To do:
Word for word, repeat the lines of the records from the one containing "HOLUNDERLIMONADE" through the last line, both included.

::: Given records

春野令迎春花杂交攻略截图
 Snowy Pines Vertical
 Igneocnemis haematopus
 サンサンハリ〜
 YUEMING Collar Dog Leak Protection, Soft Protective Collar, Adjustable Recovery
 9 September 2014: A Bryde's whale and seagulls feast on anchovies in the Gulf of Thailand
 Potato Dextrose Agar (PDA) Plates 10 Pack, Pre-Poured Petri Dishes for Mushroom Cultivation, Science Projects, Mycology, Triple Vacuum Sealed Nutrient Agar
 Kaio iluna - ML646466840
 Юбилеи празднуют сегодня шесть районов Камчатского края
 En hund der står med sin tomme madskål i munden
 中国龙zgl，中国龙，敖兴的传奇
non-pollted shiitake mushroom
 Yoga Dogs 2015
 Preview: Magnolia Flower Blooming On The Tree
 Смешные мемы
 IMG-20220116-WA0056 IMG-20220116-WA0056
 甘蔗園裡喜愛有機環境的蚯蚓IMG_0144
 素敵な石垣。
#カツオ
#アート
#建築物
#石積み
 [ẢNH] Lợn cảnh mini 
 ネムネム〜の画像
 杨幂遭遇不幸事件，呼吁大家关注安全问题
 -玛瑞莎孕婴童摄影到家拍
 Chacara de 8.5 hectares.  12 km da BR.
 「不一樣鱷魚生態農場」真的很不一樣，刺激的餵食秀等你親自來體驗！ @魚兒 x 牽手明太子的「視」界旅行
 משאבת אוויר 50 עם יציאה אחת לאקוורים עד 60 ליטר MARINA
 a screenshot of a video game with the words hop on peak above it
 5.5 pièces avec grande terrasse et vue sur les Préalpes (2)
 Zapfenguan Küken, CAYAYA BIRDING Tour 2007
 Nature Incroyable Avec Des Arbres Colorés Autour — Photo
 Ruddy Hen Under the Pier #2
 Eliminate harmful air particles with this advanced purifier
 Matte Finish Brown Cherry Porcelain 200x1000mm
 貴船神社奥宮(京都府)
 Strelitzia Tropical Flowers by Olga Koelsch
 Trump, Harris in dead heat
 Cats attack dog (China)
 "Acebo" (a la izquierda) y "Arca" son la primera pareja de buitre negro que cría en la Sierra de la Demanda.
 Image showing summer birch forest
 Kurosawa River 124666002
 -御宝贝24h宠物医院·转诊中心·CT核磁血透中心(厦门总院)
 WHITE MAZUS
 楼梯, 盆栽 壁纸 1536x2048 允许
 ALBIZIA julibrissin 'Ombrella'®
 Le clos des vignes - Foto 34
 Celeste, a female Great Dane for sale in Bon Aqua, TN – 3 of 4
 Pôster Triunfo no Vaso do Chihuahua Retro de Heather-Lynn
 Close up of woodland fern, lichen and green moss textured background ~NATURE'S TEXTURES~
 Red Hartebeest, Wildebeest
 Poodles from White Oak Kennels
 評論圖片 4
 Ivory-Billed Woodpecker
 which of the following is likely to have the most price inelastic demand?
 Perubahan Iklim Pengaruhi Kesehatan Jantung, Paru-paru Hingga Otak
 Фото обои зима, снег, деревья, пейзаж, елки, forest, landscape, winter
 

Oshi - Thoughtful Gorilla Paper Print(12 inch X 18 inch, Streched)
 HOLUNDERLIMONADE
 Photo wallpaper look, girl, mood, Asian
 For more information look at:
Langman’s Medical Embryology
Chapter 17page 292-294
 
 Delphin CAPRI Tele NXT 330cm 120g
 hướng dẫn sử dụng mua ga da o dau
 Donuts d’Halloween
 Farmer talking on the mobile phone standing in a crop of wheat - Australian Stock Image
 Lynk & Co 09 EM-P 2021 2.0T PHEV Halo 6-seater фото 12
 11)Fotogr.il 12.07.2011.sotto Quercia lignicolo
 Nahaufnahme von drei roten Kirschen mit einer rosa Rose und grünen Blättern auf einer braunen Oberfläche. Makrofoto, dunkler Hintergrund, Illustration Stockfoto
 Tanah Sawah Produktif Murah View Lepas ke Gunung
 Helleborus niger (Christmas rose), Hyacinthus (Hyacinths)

::::::

Task solution:
 HOLUNDERLIMONADE
 Photo wallpaper look, girl, mood, Asian
 For more information look at:
Langman’s Medical Embryology
Chapter 17page 292-294
 
 Delphin CAPRI Tele NXT 330cm 120g
 hướng dẫn sử dụng mua ga da o dau
 Donuts d’Halloween
 Farmer talking on the mobile phone standing in a crop of wheat - Australian Stock Image
 Lynk & Co 09 EM-P 2021 2.0T PHEV Halo 6-seater фото 12
 11)Fotogr.il 12.07.2011.sotto Quercia lignicolo
 Nahaufnahme von drei roten Kirschen mit einer rosa Rose und grünen Blättern auf einer braunen Oberfläche. Makrofoto, dunkler Hintergrund, Illustration Stockfoto
 Tanah Sawah Produktif Murah View Lepas ke Gunung
 Helleborus niger (Christmas rose), Hyacinthus (Hyacinths)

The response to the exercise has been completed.